The IP 136.144.55.141 is certainly not mine, I’m guessing it’s a Fly host from Packet, located in Equinix SV15 in Santa Clara.

I think I misunderstood from the documents that lack of a handler for an externally exposed port just meant direct routing to the application, with no Layer 4 or above intermediary in between.

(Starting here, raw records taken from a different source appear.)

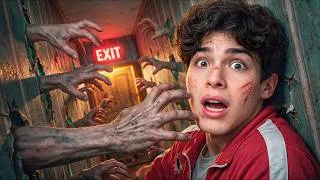 Thumbnail: Last to Leave the World’s Scariest Places | Stokes Twins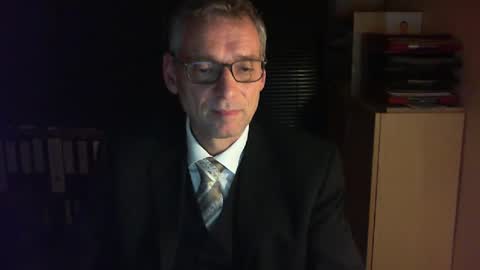 Franz online show from December 21, 4:57 pm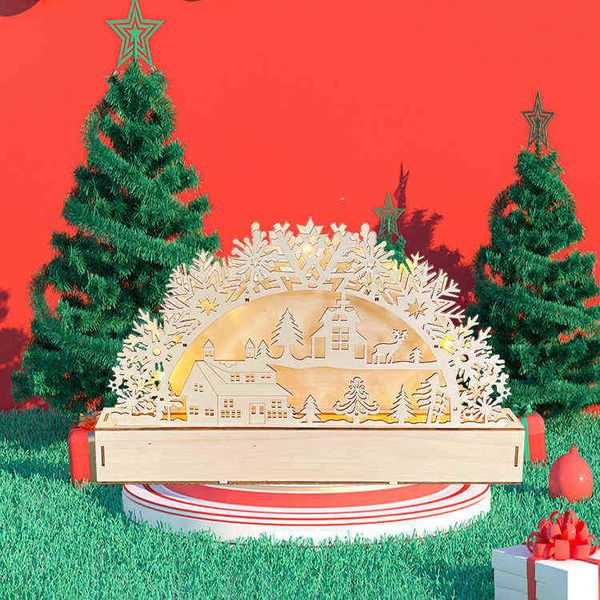 factory outlet new window decorations gifts creative hollowed out led with light three-dimensional table
factory outlet new window decorations gifts creative hollowed out led with light three-dimensional table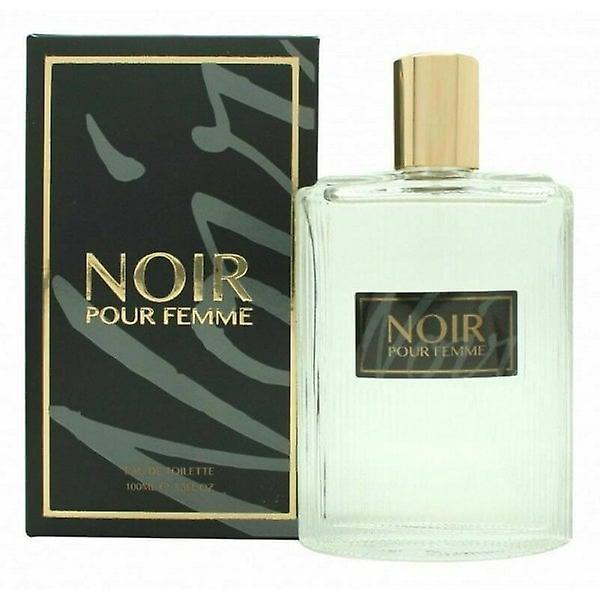 Prism Parfums Prism Parfums Noir Pour Femme 100ml EDT Spray on Productcaster.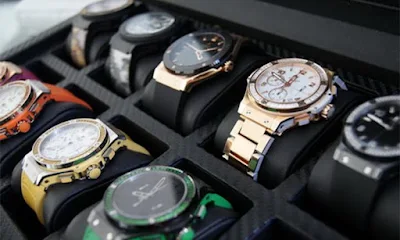 Renuka watch Company & Gift Planet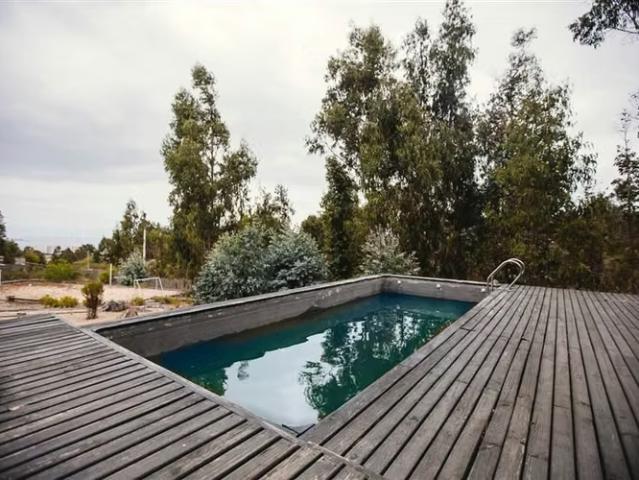 Terreno en arriendo en Algarrobo, Valparaíso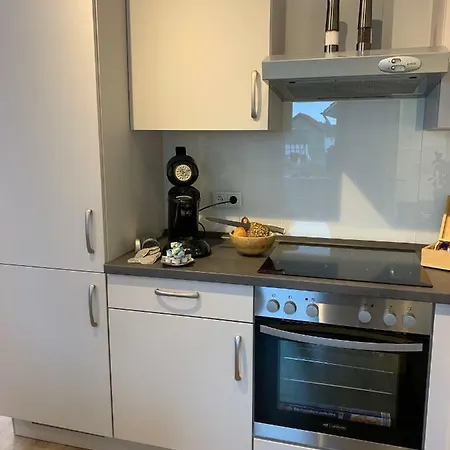 Ensen Apartment Cologne
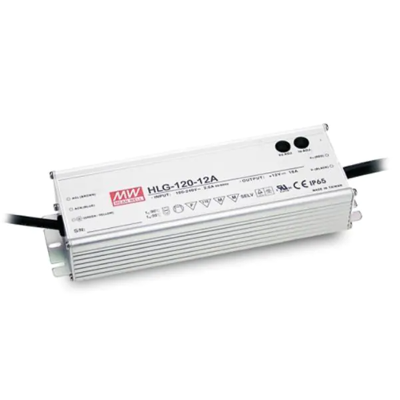 Driver de alimentación LED IP67 ACDC 7.2-12V 3.33A - Imagen 2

I stopped and thought about if this expectation is even realistic. First I thought it passes the smell test. Assuming IPs (v4 and v6) are dedicated to applications, they can be announced from Firecracker hosts hosting them and attract traffic from whatever edge a client ingresses from. But wait, in the docs it says TLS termination is done at the ingress edge. One can have multiple external ports with different set of handlers. So it’s not as straightforward as just speaking BGP from all hosts and anycast all the way up. Then I realized, hey I’m not paid to think about this, in fact I’m trying to pay for the service, so here I am… :slight_smile:

Is it possible to terminate a TCP connection from the internet on the VM? If so, how? If not, do you intend to support this?

For the curious, this is the placeholder code running behind h2c.fly.dev.

package main

import (
	"fmt"
	"log"
	"net/http"

	"golang.org/x/net/http2"
	"golang.org/x/net/http2/h2c"
)

func main() {
	var h http.HandlerFunc = func(w http.ResponseWriter, req *http.Request) {
		w.Header().Set("content-type", "text/plain")
		w.WriteHeader(200)
		fmt.Fprintln(w, "Proto:", req.Proto)
		fmt.Fprintln(w, "RemoteAddr:", req.RemoteAddr)
	}

	log.Fatal(http.ListenAndServe(":8080", h2c.NewHandler(h, new(http2.Server))))
}

We have some experimental stuff setup for routing TCP direct with no intermediary, but it’s not self service yet. This is how we’d like to do it in the future when you remove handlers. But it’s a fringe need (so far).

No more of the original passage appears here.